Del mismo modo, a los prisioneros de guerra soviéticos les resultaba imposible ponerse de acuerdo: unos estaban dispuestos a morir para no cometer traición; otros tenían intención de alistarse en las tropas de Vlásov. Cuanto más hablaban y discutían, menos se comprendían. Luego se hacía el silencio; el odio y desprecio mutuos era patente. En aquel gemido de mudos y discursos de ciegos, en aquella espesa mezcla de individuos, unidos por el horror, la esperanza y la desgracia, en aquel odio e incomprensión entre hombres que hablaban una misma lengua, se perfilaba de un modo trágico una de las grandes calamidades del siglo XX.

6

El día que nevó las conversaciones nocturnas entre los prisioneros rusos fueron particularmente tristes.

Incluso el coronel Zlatokrilets y el comisario de brigada Ósipov, siempre enérgicos y rebosantes de vitalidad, parecían sombríos y taciturnos. Todos estaban hundidos en la melancolía.

El mayor de artillería Kiríllov permanecía sentado en el catre de Mostovskói; tenía los hombros caídos y balanceaba la cabeza ligeramente. Parecía que no sólo sus ojos oscuros sino también su enorme cuerpo estuvieran llenos de nostalgia.

Los enfermos de cáncer desahuciados tienen una expresión semejante, hasta el punto de que incluso sus seres más próximos, al mirarles a los ojos, les desean, conmovidos, una muerte rápida.

El omnipresente Kótikov, con el rostro amarillento, señalando a Kiríllov susurró a Ósipov:

– Éste o se ahorca o se une a Vlásov.

Mostovskói, frotándose las grises mejillas hirsutas, dijo:

– Escuchadme, cosacos. Todo va bien. ¿Es que no lo veis? Para los fascistas cada día de vida del Estado fundado por Lenin es insoportable. El fascismo no tiene alternativa. O nos devora y nos aniquila, o se extingue.

»Precisamente, el odio que los fascistas nos profesan es la prueba de la justicia de la causa de Lenin. Y todavía otra cosa, que no es menos seria. Recordad que cuanto más nos odien los fascistas, más seguros debemos estar de la justicia de nuestra causa. Al final venceremos.

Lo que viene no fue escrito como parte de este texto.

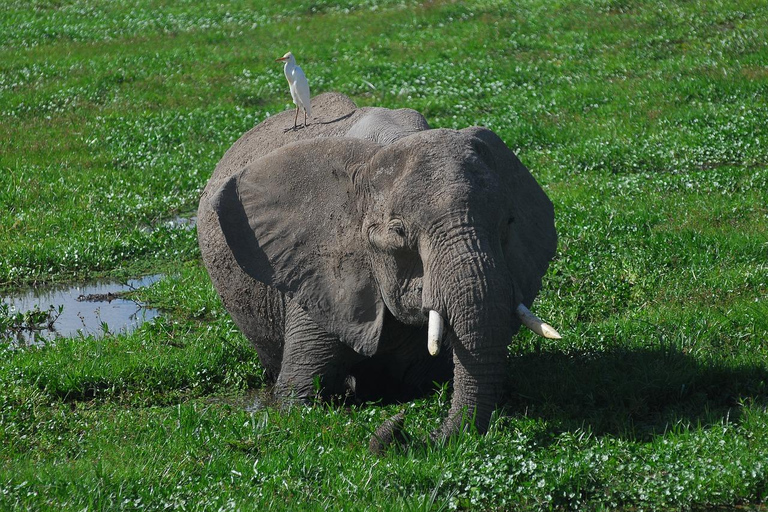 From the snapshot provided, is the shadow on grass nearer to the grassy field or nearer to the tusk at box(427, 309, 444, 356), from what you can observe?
the grassy field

Se volvió con brusquedad hacia Kiríllov:

– ¿Qué le pasa a usted? Acuérdese de Gorki, que mientras caminaba por el patio de la cárcel oyó gritar a un georgiano: «¿Por qué andas como una gallina? ¡Mantén la cabeza alta!».

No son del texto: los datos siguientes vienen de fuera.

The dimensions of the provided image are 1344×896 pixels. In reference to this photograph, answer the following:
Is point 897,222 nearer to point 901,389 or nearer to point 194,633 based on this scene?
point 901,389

Todos estallaron en risotadas.

Y tenía razón. Venga, la cabeza alta -confirmó Mostovskói-. ¡Pensad que el grande y noble Estado soviético defiende la idea comunista! Que Hitler se enfrente al Estado y la idea. Stalingrado planta cara, resiste. A veces, antes de la guerra, parecía que habíamos apretado las tuercas demasiado fuerte. Pero ahora, en realidad, hasta un ciego puede ver que el fin justifica los medios.